Here is a synopsis of the most important changes:
1. HIRING PRACTICES
Two new laws enacted in 2017 took effect January 1. The first, referred to as the “ban the box” law, prohibits any employer with five or more employees (full- or part-time) from asking about or considering an applicant’s prior criminal convictions before making a conditional offer of employment. And if taking any “adverse action” following a criminal background check performed after making an offer, definite steps must be followed and notices given to avoid being charged with unfair discrimination. The second law prohibits employers from asking about an applicant’s prior salary history, including bonuses or benefits, either on the application or in a pre-employment interview, and also requires the employer to disclose upon request a position’s pay scale to any applicant. The law does not prohibit asking an applicant his or her compensation expectations.
2. WAGE AND HOUR POLICIES
For a number of years, California law has mandated stringent rest and meal break requirements, and imposes a penalty of one hour of pay – paid to the employee – every time an employee is unable to take or complete a mandatory break period (missing both a rest and meal break entitles the employee to an additional two hours of pay for the day). There are exceptionally tight restrictions on waiving breaks or what employees can be required to do during a break period. Generally, employers should review their policies to ensure that:
- Employees are aware of their meal and rest break entitlements.
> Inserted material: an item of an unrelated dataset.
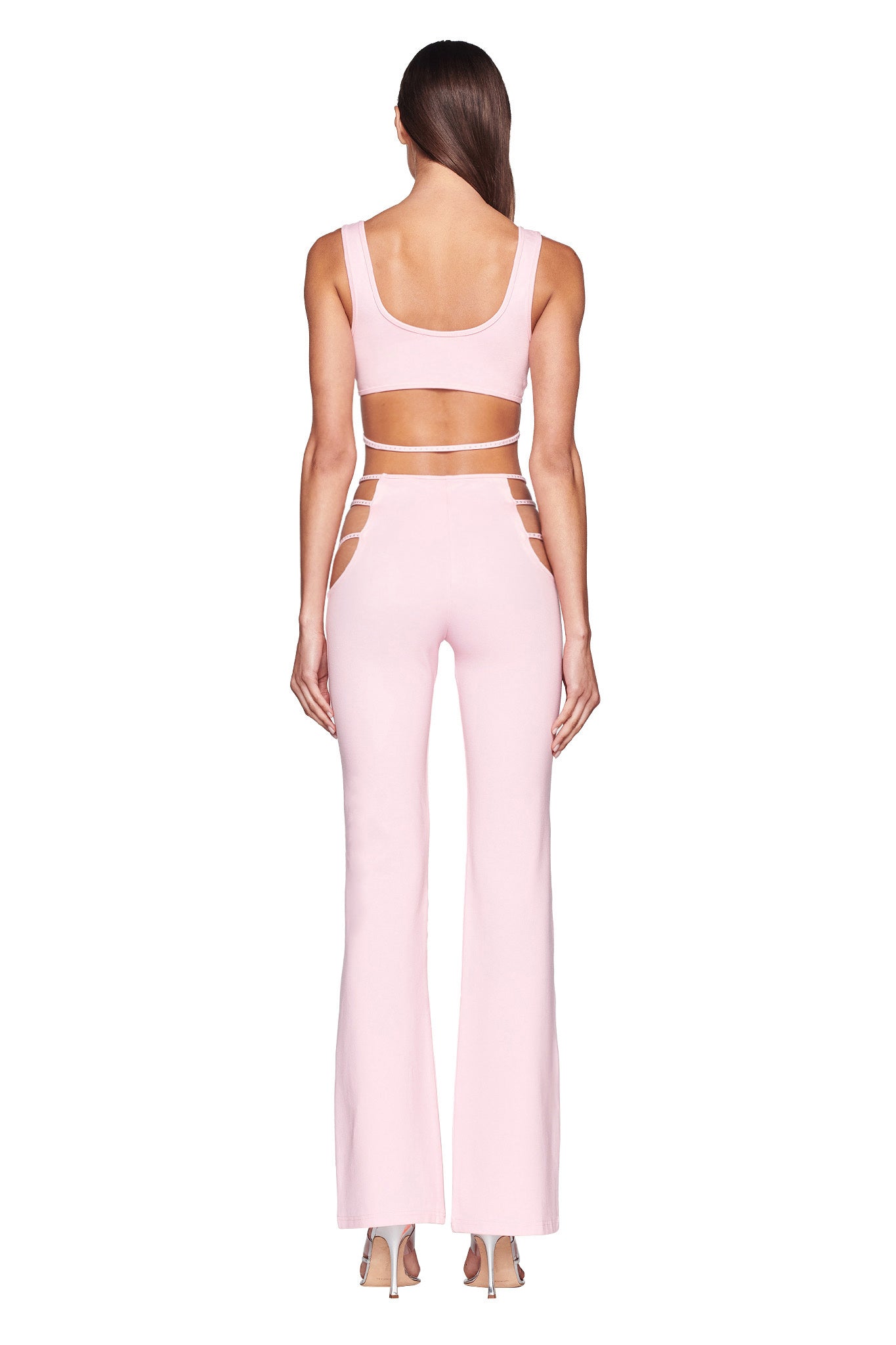 A person stands facing away from the camera wearing an I.AM.GIA light pink outfit. The sleeveless top has a low scoop back, and the high-waisted ROXANNA PANTS - PINK : BABY PINK feature cutouts on the sides near the hips. The person is wearing high-heeled shoes, and their long hair is loose down their back.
- Employees record the time they begin and end each meal break.
- Employees who are not able to take a meal or rest break because of work requirements report this on their timesheets and are paid as required.
A new law for 2018 allows the Labor Commissioner to initiate investigations concerning retaliation against employees for their exercise of certain employment rights. Additionally, the Labor Commissioner has increased the auditing of employer time and payroll records in its pursuit of violators. Churches are not immune from such audits and, without formal payroll records, can expect to receive notices of noncompliance which can mean fines and other penalties.
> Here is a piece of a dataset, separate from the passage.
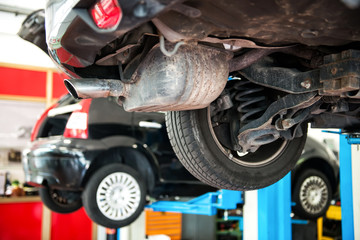 Wall Mural - Vehicle in a repair workshop on a lift or hoist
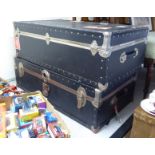 Two similar early/mid 20thC stud and metal bound, canvas covered cabin trunks 11.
3. SEXUAL HARASSMENT TRAINING
Businesses, including churches, with 50 or more employees (full- or part-time) must add content to their mandatory supervisors’ sexual harassment training concerning “gender identity, gender expression, and sexual orientation harassment prevention.” Churches can expect that such training will eventually be required for all employees. Given recent media attention on the topic, compliance in this area is critical if a church is to operate within guidelines.
4. PARENTAL LEAVE
California businesses, including churches, with 20-49 employees are now required to provide “eligible workers” with up to 12 weeks of “baby-bonding leave.” Although the leave does not have to be paid, employers who provide health insurance must continue to provide health insurance to the employee during the 12-week period. California has had a Pregnancy Disability Leave (PDL) requirement for several years, which covers female employees, not their husbands. Baby-bonding leave is for mothers or fathers under the California Family Rights Act (CFRA).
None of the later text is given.